When the lake is rising, throw that Senko in an inch of water, says Tai. But since the water at Pleasant had fallen about eighteen inches in three weeks, he concentrated on the outer cover and structure, mostly on secondary points for those post-spawn bass. If you have an app that shows you the barometric pressure and the trends, you can see when the pressure will start falling and plan to fish aggressively then. If the pressure is rising, you’ll have to slow down a bit.
SEARCHING WITH A SENKO
When Tai is fishing shallow with a Senko, he puts the boat very close to shore, cranks the trolling motor up to 6 or 6-and-a-half, and just flat covers water, using the clear water to his advantage. He throws the Senko as far ahead as he can reach, and shakes it down without letting it hit bottom, feeling the line with his fingers. He practically flies down the bank. “I fish a Senko like an ugly guy at a bar trying to pick up girls,” he says. “Can I have your number? No? On to the next one.”
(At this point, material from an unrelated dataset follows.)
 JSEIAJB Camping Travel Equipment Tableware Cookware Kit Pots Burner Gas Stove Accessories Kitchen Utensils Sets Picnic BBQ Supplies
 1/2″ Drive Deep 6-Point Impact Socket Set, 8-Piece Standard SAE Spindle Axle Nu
He’s trying to catch fish of course, but he’s also searching for fish. He’s sight fishing in spite of no fish on beds. Since he is up so shallow, he can see if any fish take off in front of him. He marks those fish mentally or on the graph, then goes back to them a bit later and targets them with the Senko or with a Fat Ika or a Neko rig. It doesn’t take long for a bass to re-set, he says, and in fact we watched him go back ten minutes after seeing a fish and he put that fish in the boat. We had hit Pleasant at post-spawn, a notoriously difficult time for bass fishermen, but he had a limit by 6:45 a.m.
The wacky-rigged Senko and the Neko rig are deadly, even in difficult seasons and difficult conditions. When times are tough, use these techniques to put bass in the boat. They’re relatively easy to rig and fish, and you can cover a lot of water and get even finicky fish to eat. If your topwater and crankbaits aren’t working, instead of slowing down and fishing under the boat, tie one of these rigs on and keep moving.
*Editor’s note: The Neko is available directly through Daiwa and at fine fishing retailers near you.